- DVD cover
- Italian: A cena col vampiro
- Genre: Horror
- Screenplay by: Dardano Sacchetti; Lamberto Bava;
- Story by: Luciano Martino
- Directed by: Lamberto Bava
- Starring: George Hilton; Patrizia Pellegrino; Riccardo Rossi;
- Composers: Simon Boswell; Mario Tagliaferri;
- Country of origin: Italy
- Original language: Italian

Production
- Executive producers: Massimo Manasse; Marco Grillo Spina;
- Cinematography: Gianlorenzo Battaglia; Gianfranco Transunto;
- Editors: Mauro Bonnani; Daniele Alabis;
- Running time: 92 minutes
- Production companies: Dania Film; Reteitalia;

Original release
- Network: Italia 1
- Release: August 29, 1989

= Dinner with a Vampire =

Italian 1989 horror film by Lamberto Bava

Dinner with a Vampire (A cena col vampiro) is a 1989 Italian television horror film directed by Lamberto Bava and written by Dardano Sacchetti. It was among four films made for the Italian television series Brivido Giallo.

==Plot==
Four actors win an audition to be in a horror movie and travel to the director's castle for a meeting and to spend the night. Unbeknown to them, the director is actually a vampire. The vampire challenges his guests to kill him. Killing this vampire, however, is achieved only in a unique way.

==Cast==
- George Hilton as Jurek
- Riccardo Rossi as Gianni
- Patrizia Pellegrino as Rita
- Yvonne Sciò as Monica
- Valeria Milillo as Sasha
- Isabel Russinova as Veronica, Jurek's half vampire companion
- Daniele Aldrovandi as Gilles
- Igor Zalewsky as Ale
- Letizia Ziaco as Nadia
- Stefano Sabelli as Matteo
- Roberto Pedicini as a director

==Production==
Following the success of the film Demons and Demons 2 and other foreign horror films in Italy, the company Reiteitalia would announce in July 1986 that a series titled Brivido giallo which would be made featuring five made-for-television films directed by Lamberto Bava. Only four would be completed and released. These included Graveyard Disturbance, Until Death, The Ogre and Dinner with a Vampire. The films were shot between 1987 and 1988. Dinner with a Vampire was shot at Castle Sammezzano near Florence, Italy.

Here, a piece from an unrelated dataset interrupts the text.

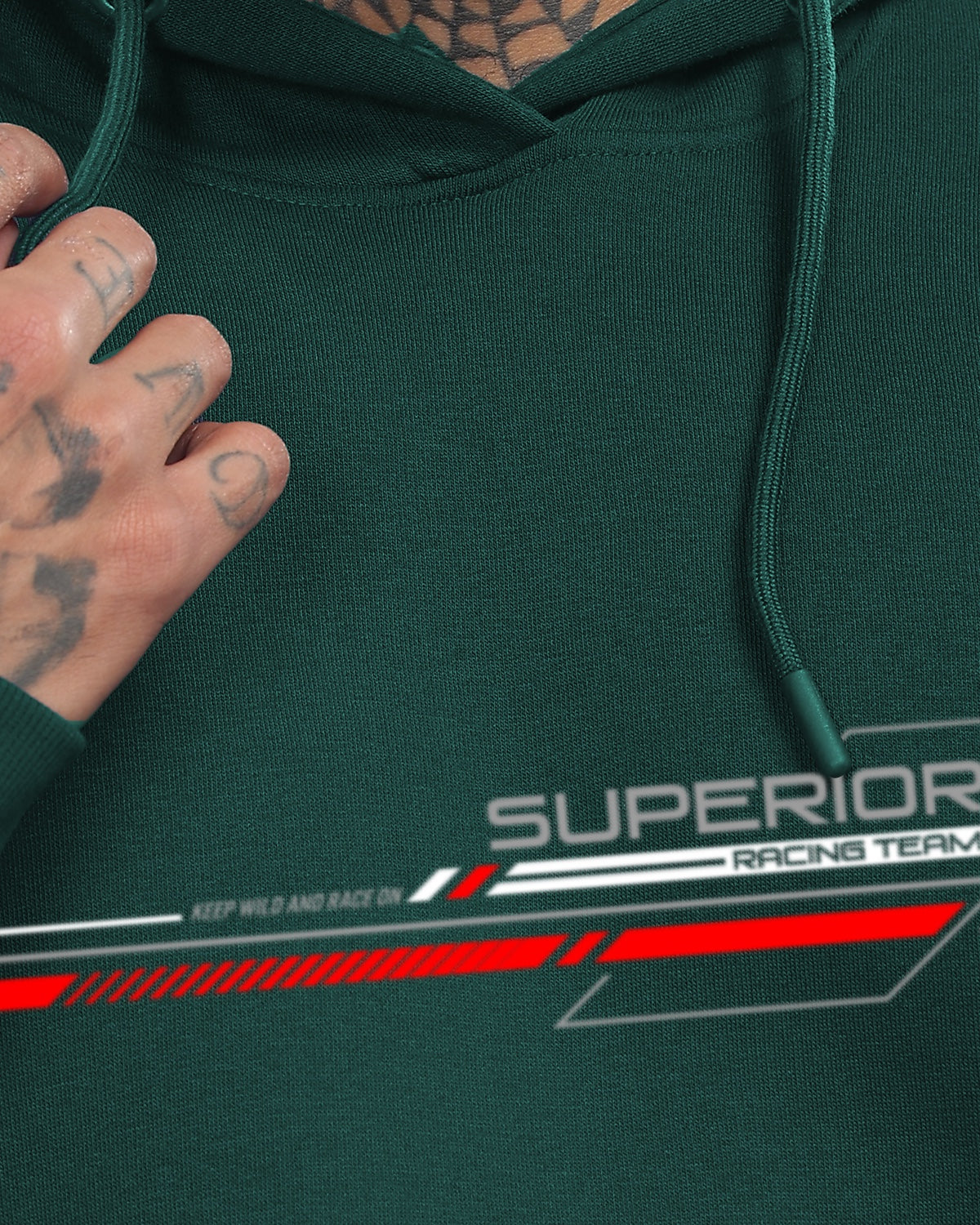 Men Green Long Lasting Printed Hoodie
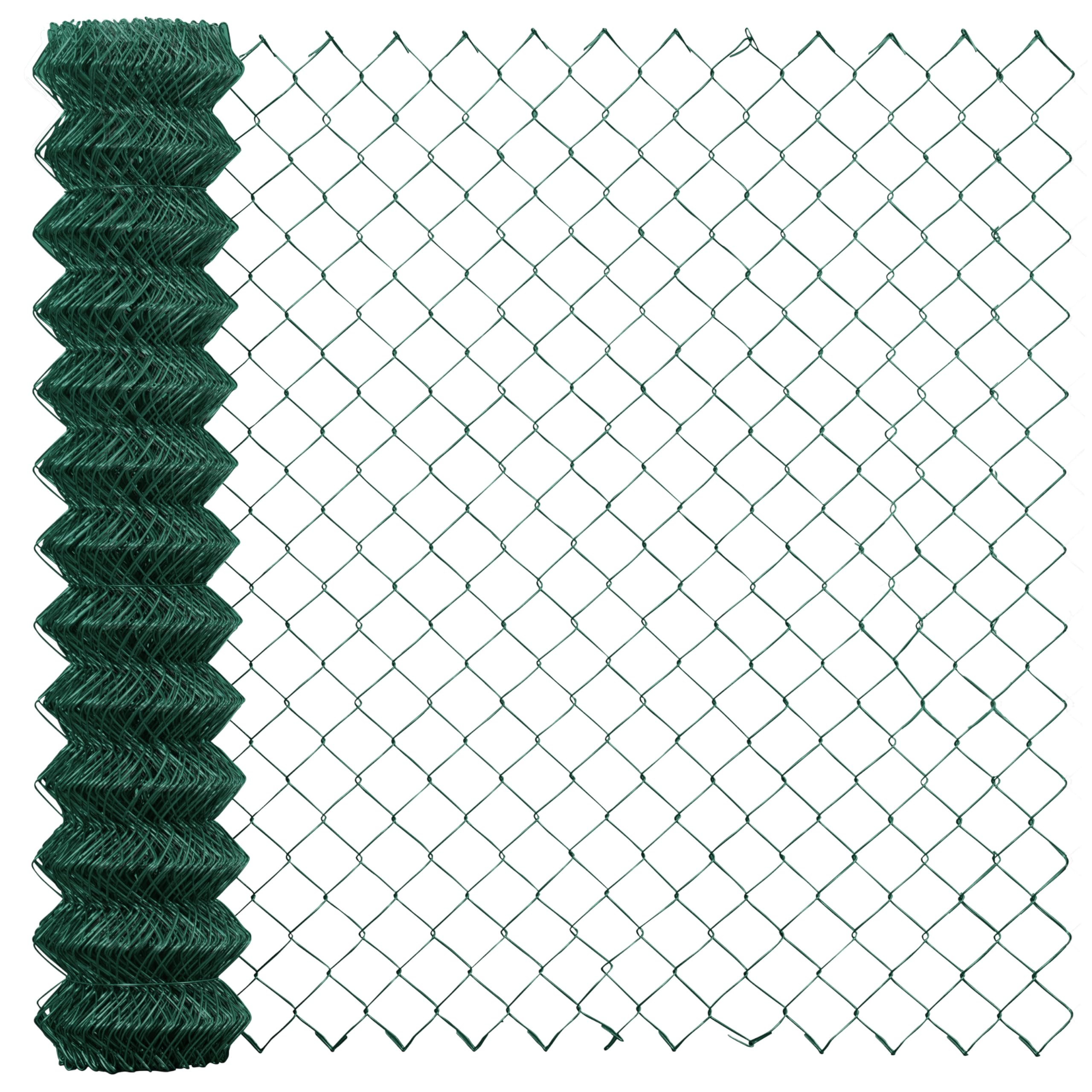 CAPHAUS Galvanized Steel 9 Gauge Green Vinyl Coated Chain Link Fencing Wire Roll, Galvanized Fence Fabric, Diamond Mesh Size 2-3/8 Inch (48 inch x 50ft.)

Italian film historian Roberto Curti described Dinner with a Vampire as being more openly a parody film compared to Bava's other films made for the series.

==Release==
Prior to its television premiere in Italy, Dinner with a Vampire was released in Japan by Humax on April 22, 1989. It aired on Italian television channel Italia 1 on August 29, 1989.